Graeme Jones

Graeme Jones

Graeme Jones
Regional Winner | Productivity category

Methven, South Island, NZ

Graeme Jones is an adviser at PGG Wrightson Seeds and a 2020 Growth Awards Regional Winner in the Productivity category. Read on to learn more about Graeme. 

What’s the one thing you have done in your career you are most proud of?
It is the establishment of the arable agronomist business unit in 2006. We now have a team of nineteen arable area agronomists who are recognised in the arable industry in New Zealand for their professionalism. There is a strong team culture which is results orientated and the way they stick together has been pretty remarkable.

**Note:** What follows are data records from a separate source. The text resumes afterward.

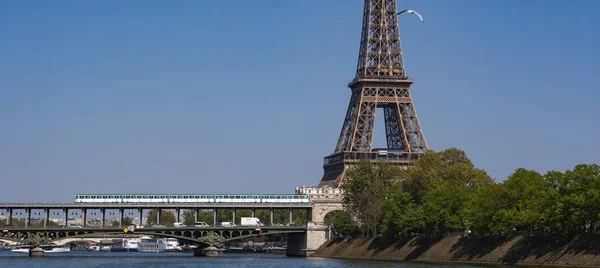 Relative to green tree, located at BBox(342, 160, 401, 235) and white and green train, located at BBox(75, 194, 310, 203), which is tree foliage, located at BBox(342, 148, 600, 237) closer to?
green tree, located at BBox(342, 160, 401, 235)

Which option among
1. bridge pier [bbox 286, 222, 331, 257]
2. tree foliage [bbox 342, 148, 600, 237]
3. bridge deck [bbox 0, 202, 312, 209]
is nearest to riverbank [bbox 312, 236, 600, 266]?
tree foliage [bbox 342, 148, 600, 237]

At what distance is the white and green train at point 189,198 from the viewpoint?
192 metres

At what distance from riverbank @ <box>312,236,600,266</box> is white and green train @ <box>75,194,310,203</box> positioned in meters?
39.7

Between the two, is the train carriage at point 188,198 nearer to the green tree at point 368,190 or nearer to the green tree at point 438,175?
the green tree at point 368,190

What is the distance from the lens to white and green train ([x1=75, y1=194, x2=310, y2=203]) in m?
192

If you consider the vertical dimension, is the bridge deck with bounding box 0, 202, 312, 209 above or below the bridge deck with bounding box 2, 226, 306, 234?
above

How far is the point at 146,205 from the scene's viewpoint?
7397 inches

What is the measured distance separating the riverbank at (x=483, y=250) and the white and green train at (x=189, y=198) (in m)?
39.7

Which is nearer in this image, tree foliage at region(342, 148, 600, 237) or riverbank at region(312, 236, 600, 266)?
riverbank at region(312, 236, 600, 266)

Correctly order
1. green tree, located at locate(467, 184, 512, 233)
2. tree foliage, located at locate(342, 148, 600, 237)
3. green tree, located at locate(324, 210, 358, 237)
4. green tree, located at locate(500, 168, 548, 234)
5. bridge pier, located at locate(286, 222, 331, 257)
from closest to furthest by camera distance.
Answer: tree foliage, located at locate(342, 148, 600, 237), green tree, located at locate(500, 168, 548, 234), green tree, located at locate(467, 184, 512, 233), green tree, located at locate(324, 210, 358, 237), bridge pier, located at locate(286, 222, 331, 257)

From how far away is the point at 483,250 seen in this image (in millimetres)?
121312

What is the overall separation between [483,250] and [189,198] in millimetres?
84816

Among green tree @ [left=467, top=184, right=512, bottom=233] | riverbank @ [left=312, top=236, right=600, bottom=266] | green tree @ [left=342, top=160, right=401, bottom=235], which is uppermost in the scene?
green tree @ [left=342, top=160, right=401, bottom=235]

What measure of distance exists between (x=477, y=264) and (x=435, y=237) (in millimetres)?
19694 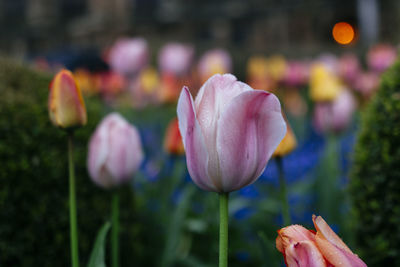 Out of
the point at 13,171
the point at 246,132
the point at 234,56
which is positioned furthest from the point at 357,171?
the point at 234,56

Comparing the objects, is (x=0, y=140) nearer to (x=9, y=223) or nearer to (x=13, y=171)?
(x=13, y=171)

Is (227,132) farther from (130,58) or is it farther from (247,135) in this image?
(130,58)

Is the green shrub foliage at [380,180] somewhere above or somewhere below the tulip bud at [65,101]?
below

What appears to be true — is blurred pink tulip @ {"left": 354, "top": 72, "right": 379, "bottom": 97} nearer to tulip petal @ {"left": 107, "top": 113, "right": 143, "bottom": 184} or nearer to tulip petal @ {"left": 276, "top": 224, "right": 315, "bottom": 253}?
tulip petal @ {"left": 107, "top": 113, "right": 143, "bottom": 184}

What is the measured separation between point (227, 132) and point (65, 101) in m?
0.48

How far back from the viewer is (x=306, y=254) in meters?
0.59

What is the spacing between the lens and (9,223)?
135cm

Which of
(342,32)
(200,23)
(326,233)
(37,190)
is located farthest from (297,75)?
(342,32)

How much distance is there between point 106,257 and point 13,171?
1.69 ft

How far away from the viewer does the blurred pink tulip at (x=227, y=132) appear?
27.9 inches

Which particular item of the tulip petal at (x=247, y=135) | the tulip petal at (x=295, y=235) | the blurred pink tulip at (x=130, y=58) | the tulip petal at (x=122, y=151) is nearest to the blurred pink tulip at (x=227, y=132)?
the tulip petal at (x=247, y=135)

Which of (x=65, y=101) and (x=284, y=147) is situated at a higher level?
(x=65, y=101)

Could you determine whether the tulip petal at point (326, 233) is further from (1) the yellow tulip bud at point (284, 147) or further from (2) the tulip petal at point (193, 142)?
(1) the yellow tulip bud at point (284, 147)

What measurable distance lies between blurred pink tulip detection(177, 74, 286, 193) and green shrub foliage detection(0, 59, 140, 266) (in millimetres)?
877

There are three stakeholders in the industry – those who grow seeds for us, the seed sales business which is marketing domestically and internationally and our own staff. If you have a team operating successfully, then the other parts of the business benefit from that and it’s critical to success. If we didn’t have good people at the front end of our business, then we would not see success for the company. A deeper aspect of this is our succession planning. We recruit graduates and train them to be the up and coming staff who have the same work philosophy and culture we do.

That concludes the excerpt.